Größere Verständigungsprobleme gab es auch nicht, obwohl manche erst seit kurzem Deutsch oder Französisch lernen. "Wenn man mal nicht klar kam, wurde einfach so lange drumherumgeredet, bis der richtige Begriff genannt wurde, oder wir haben einfach Hände und Füße benutzt", meint jemand, und die anderen nicken zustimmend.

Französisch gehört nicht unbedingt zu Kevins Lieblingsfächern in der Schule, und eigentlich hat ihn seine Mutter überredet, bei diesem Austausch mitzumachen und einen gleichaltrigen Franzosen aufzunehmen. Nach dieser Woche aber zeigt auch er sich begeistert und meint: "Ich will mich mehr anstrengen in Französisch, damit ich mich nächstes Mal besser unterhalten kann", und auch Marie, die französische Betreuerin, die zum ersten Mal in Deutschland ist, möchte demnächst einen Sprachkurs besuchen, um die Deutschen besser verstehen zu können.

"Die Woche war super, alles war schön und gut organisiert" sagt die 17-jährige Jasmin. Nur einen entscheidenden "Kritikpunkt" hätte sie noch anzubringen: "Die Zeit war wieder mal viel zu kurz!" meint sie und drückt ihre französische Freundin Anaïs zum Abschied noch einmal, bevor diese in den Zug einsteigen muss.
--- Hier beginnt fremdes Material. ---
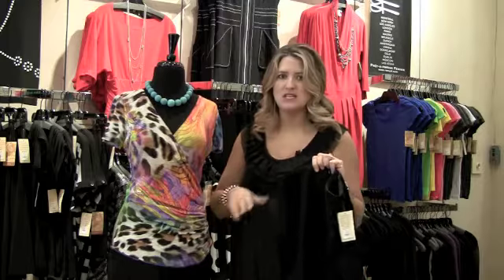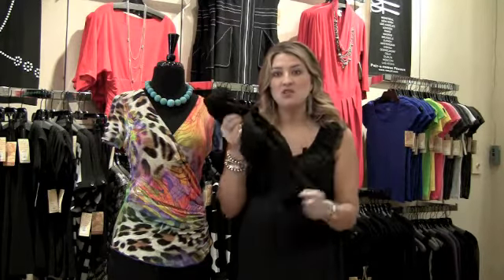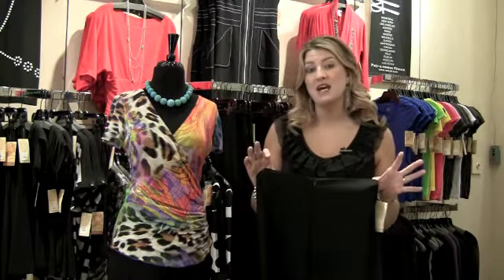It's a smooth front zip, so you're not dealing with belt loops, zippers, or buttons that sometimes interfere with your blouses. It's a polyester fabrication, so you can wad it up in your suitcase, pull it out, and you're ready to go. You can machine wash it — no dealing with the dry cleaners. There are so many great factors about this pant.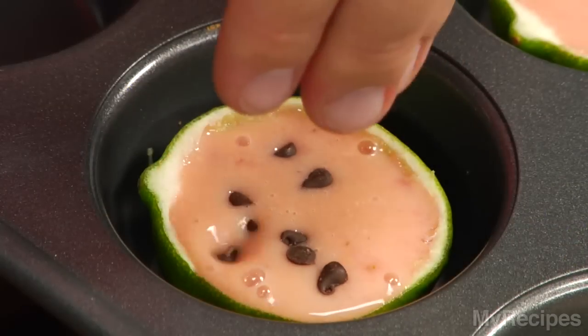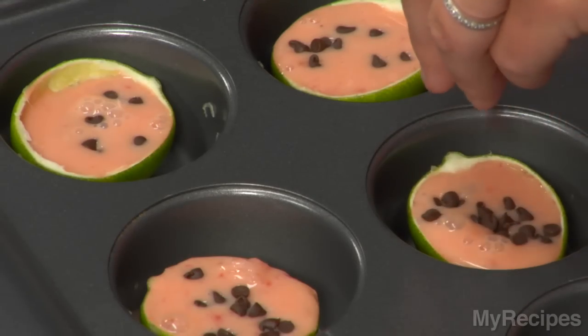To make these pops look like mini watermelons, add some mini chocolate chips. These chocolate chips will look like little watermelon seeds.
Komisch - genau diese Feststellung treffen auch immer die Erwachsenen bei einer Begegnung, und zwar einstimmig, egal ob Deutscher oder Franzose. Da ist es völlig gleichgültig, was die Politiker in Brüssel austüfteln: Der viel zitierte Bau des "Hauses Europa" findet eben doch hier statt - in der Begegnung zwischen den Menschen.ab
( 22.08.2005 - 12:50)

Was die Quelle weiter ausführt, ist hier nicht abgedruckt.